To do: The records below need to be copied in full. Match them exactly.

Records to use:
——————————

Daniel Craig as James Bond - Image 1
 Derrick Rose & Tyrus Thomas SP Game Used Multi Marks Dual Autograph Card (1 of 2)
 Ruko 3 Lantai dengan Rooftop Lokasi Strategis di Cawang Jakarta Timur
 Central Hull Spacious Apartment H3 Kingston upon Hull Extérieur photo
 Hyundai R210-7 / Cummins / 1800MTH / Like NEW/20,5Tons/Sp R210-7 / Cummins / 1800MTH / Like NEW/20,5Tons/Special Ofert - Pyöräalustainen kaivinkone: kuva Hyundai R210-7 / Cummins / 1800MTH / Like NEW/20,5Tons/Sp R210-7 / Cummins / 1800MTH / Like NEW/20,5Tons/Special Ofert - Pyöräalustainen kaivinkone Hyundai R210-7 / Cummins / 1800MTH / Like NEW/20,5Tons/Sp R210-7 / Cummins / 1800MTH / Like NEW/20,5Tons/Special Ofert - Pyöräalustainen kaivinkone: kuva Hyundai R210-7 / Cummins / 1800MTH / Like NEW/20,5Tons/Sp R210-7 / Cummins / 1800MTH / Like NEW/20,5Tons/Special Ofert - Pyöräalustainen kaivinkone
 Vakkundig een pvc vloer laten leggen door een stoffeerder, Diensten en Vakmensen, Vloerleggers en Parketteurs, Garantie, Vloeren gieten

——————————

Result of the task:
Daniel Craig as James Bond - Image 1
 Derrick Rose & Tyrus Thomas SP Game Used Multi Marks Dual Autograph Card (1 of 2)
 Ruko 3 Lantai dengan Rooftop Lokasi Strategis di Cawang Jakarta Timur
 Central Hull Spacious Apartment H3 Kingston upon Hull Extérieur photo
 Hyundai R210-7 / Cummins / 1800MTH / Like NEW/20,5Tons/Sp R210-7 / Cummins / 1800MTH / Like NEW/20,5Tons/Special Ofert - Pyöräalustainen kaivinkone: kuva Hyundai R210-7 / Cummins / 1800MTH / Like NEW/20,5Tons/Sp R210-7 / Cummins / 1800MTH / Like NEW/20,5Tons/Special Ofert - Pyöräalustainen kaivinkone Hyundai R210-7 / Cummins / 1800MTH / Like NEW/20,5Tons/Sp R210-7 / Cummins / 1800MTH / Like NEW/20,5Tons/Special Ofert - Pyöräalustainen kaivinkone: kuva Hyundai R210-7 / Cummins / 1800MTH / Like NEW/20,5Tons/Sp R210-7 / Cummins / 1800MTH / Like NEW/20,5Tons/Special Ofert - Pyöräalustainen kaivinkone
 Vakkundig een pvc vloer laten leggen door een stoffeerder, Diensten en Vakmensen, Vloerleggers en Parketteurs, Garantie, Vloeren gieten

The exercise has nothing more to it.